Deep Learning and photo-realistic Simulation for real-world Machine Intelligence in Autonomous Driving, Adrien Gaidon (TRI)

Adrien Gaidon


Photo-realistic simulation is rapidly gaining momentum for visual training and test data generation in autonomous driving and general robotic contexts. This is particularly the case for video analysis, where manual labeling of data is extremely difficult or even impossible. This scarcity of adequate labeled training data is widely accepted as a major bottleneck of deep learning algorithms for important video understanding tasks like segmentation, tracking, and action recognition. In this talk, I will describe our use of modern game engines to generate large scale, densely labeled, high-quality synthetic video data with little to no manual intervention.
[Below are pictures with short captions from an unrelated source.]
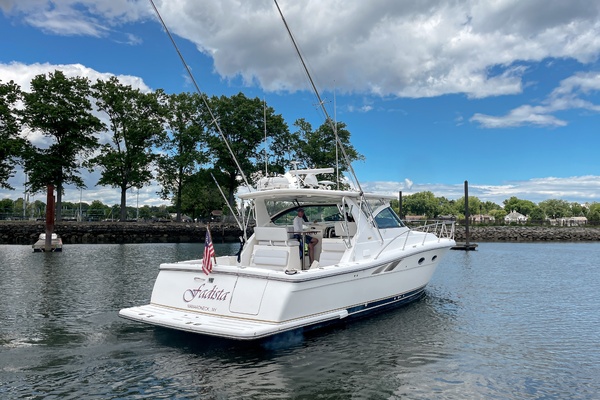 2004 Tiara 3800 Open starboard hind quarter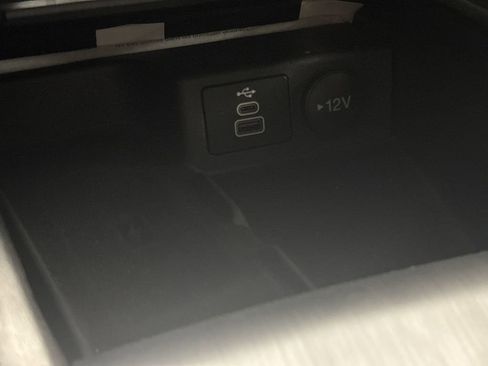 Used 2025 Ford Escape Platinum image 62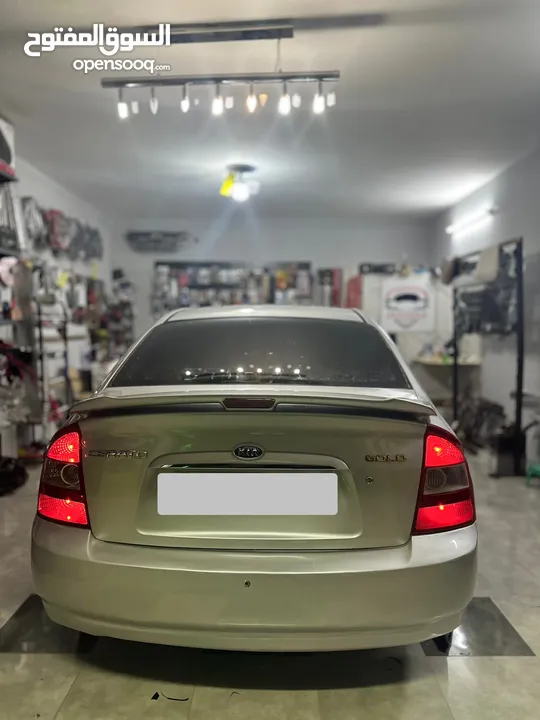للبيع كيا سيراتو جولد موديل 2006 ماتور 1600 بنزين اتوماتيك تدفئه كراسي تحكم سترينج (فورومايكا من الد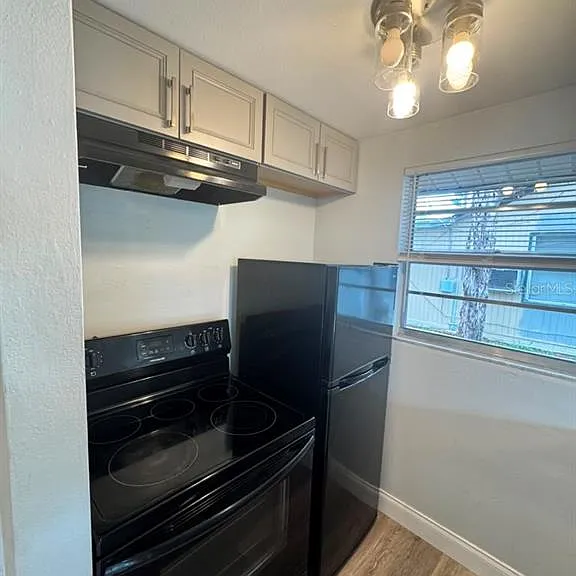 6123 Montana Ave — Photo 5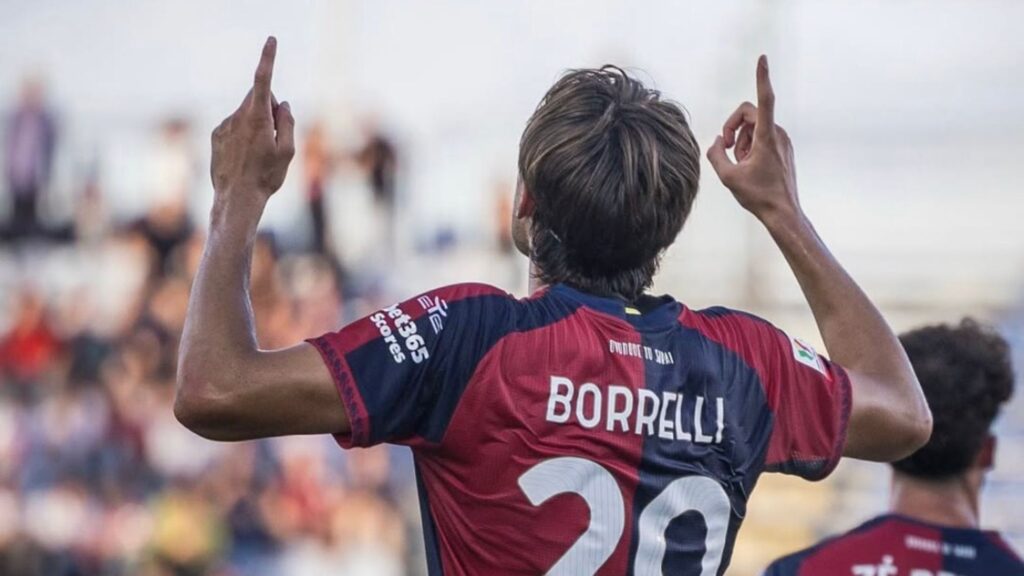 Serie A. Prima doppietta in serie A per il bomber vollese Gennaro Borrelli nel 3 a 3 tra Cagliari e Genoa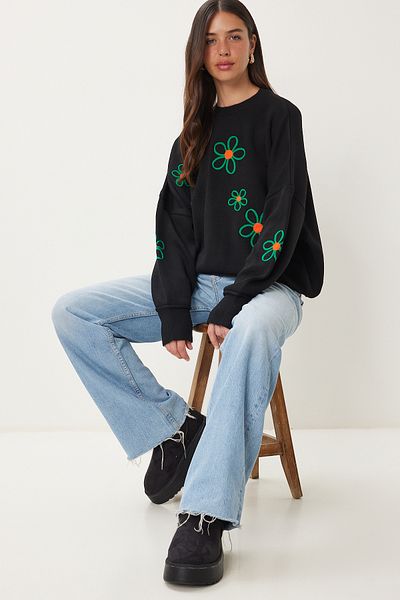 Happiness İstanbul Damski czarny, kwiatowy, haftowany sweter oversize z dzianiny DD01262
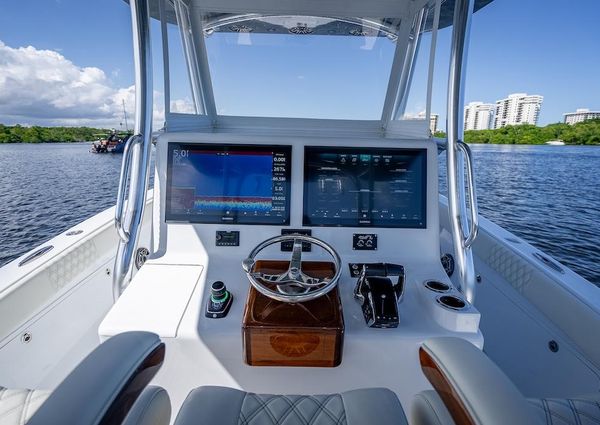 Billfish 39-CENTER-CONSOLE-W-TOWER image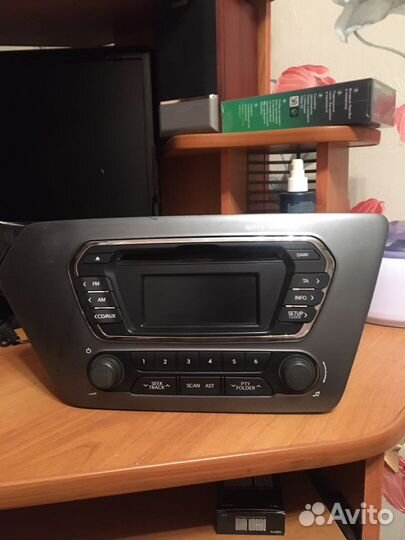 Заводская магнитола Kia Rio 3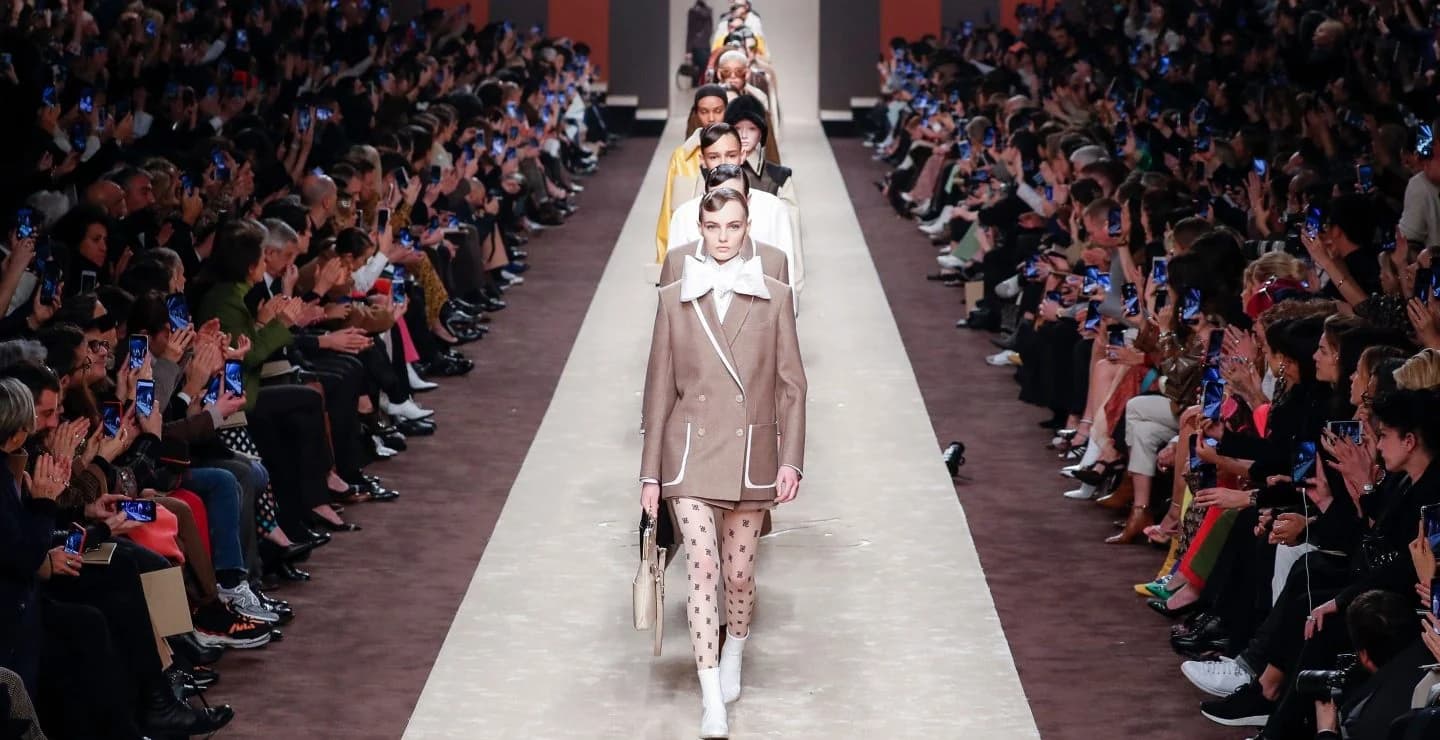 Milano Fashion Week 2026: oltre 200 eventi e un parterre di celebrità internazionali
In contrast to approaches using existing video games to record limited data from human game sessions, we build upon the more powerful approach of “virtual world generation”. Pioneering this approach, the recent Virtual KITTI [1] and SYNTHIA [2] datasets are among the largest fully-labelled datasets designed to boost perceptual tasks in the context of autonomous driving and video understanding (including semantic and instance segmentation, 2D and 3D object detection and tracking, optical flow estimation, depth estimation, and structure from motion). With our recent PHAV dataset [3], we push the limits of this approach further by providing stochastic simulations of human actions, camera paths, and environmental conditions. I will describe our work on these synthetic 4D environments to automatically generate potentially infinite amounts of varied and realistic data. I will also describe how to measure and mitigate the domain gap when learning deep neural networks for different perceptual tasks needed for self-driving. I will finally show some recent results on more interactive simulation for autonomous driving and adversarial learning to automatically improve the output of simulators.